The plaintiffs contend that Marshall's "meaninful participation" is shown by his deliberate failure to properly supervise the agents managing the property to ensure that they were managing it so as to be in compliance with the D.C. Housing Code and free of lead paint. Given Marshall's status as the only "real" person behind any and all of the allegedly tortious actions or omissions of Frederick Investment Corporation, his alleged failure to properly supervise the agents managing the property could be found by a trier of fact to constitute "meaningful participation" in the alleged wrongs of the corporation.

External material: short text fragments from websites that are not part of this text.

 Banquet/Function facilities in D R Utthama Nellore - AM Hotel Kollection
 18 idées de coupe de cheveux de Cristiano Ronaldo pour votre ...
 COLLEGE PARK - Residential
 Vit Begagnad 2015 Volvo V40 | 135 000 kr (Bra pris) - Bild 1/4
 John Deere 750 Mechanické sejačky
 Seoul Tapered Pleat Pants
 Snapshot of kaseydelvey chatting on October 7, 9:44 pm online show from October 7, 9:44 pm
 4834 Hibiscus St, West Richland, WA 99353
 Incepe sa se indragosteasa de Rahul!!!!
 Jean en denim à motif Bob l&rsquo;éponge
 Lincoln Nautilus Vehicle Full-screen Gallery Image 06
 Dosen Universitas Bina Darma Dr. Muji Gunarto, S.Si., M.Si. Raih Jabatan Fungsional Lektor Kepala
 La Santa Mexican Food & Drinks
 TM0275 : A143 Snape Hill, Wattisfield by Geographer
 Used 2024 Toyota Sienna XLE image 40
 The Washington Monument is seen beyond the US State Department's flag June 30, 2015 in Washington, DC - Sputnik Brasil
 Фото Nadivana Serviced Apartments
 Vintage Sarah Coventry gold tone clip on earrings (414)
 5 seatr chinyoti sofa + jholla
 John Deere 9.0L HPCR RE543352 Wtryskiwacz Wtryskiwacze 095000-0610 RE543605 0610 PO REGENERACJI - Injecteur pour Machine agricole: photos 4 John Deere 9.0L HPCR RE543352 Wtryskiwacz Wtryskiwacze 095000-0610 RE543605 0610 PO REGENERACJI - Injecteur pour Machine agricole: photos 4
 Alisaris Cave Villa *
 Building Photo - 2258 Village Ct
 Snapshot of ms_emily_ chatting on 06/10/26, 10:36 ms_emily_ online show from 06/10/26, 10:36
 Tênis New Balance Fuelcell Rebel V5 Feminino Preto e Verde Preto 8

The question of Petri's potential liability is arguably different because of her "minimal" role as an officer of Frederick Investment Corporation. However, it is also undisputed that Petri alone ran One Management, the property management company for the Clifton Street Apartment Building, was responsible for hiring the on-site personnel, was responsible for overseeing the on-site personnel (although she in fact exercised very little oversight), and, in her capacity as the general manager of One Management, was in a position to ensure that the Clifton Street Apartment was lead-free. Thus, unlike Marilyn in the Lawlor case, Petri was both an officer of the defendant corporation and had an affirmative responsibility that she allegedly failed to carry out -- properly managing the Clifton Street Apartment Building. The fact that this responsibility arose from her position in One Management does not mean that it has no bearing on the question of whether she "meaningfully participated" in the allegedly tortious conduct of Frederick Investment Corporation. The court is persuaded that a trier of fact could fairly conclude that Petri's failure to properly supervise the on-site personnel at the Clifton Street Apartment Building -- even though her obligation to do so technically arose from her position as the general manager of One Management -- constituted "meaningful participation" in the allegedly tortious conduct of Frederick Investment Corporation.
C. Punitive Damages
Marshall and Petri also seek dismissal of the plaintiffs' claims for punitive damages on the ground that "[t]here are no actual facts that would even remotely support the egregious type of conduct required to make out a prima facie case for punitive damages." Defs. Mem. at 13. Under District of Columbia law, a plaintiff must be able to prove "outrageous conduct which is malicious, wanton, reckless, or in willful disregard for another's rights." See Tolson v. District of Columbia, 860 A.2d 336, 345 (D.C. 2004). The plaintiffs' allegations, if true, describe the type of conduct that a jury could decide warrants punitive damages. Accordingly, Marshall and Petri are not entitled to summary judgment on the punitive damages claims against them.
For the reasons stated above, an accompanying order denies the pending summary judgment motion.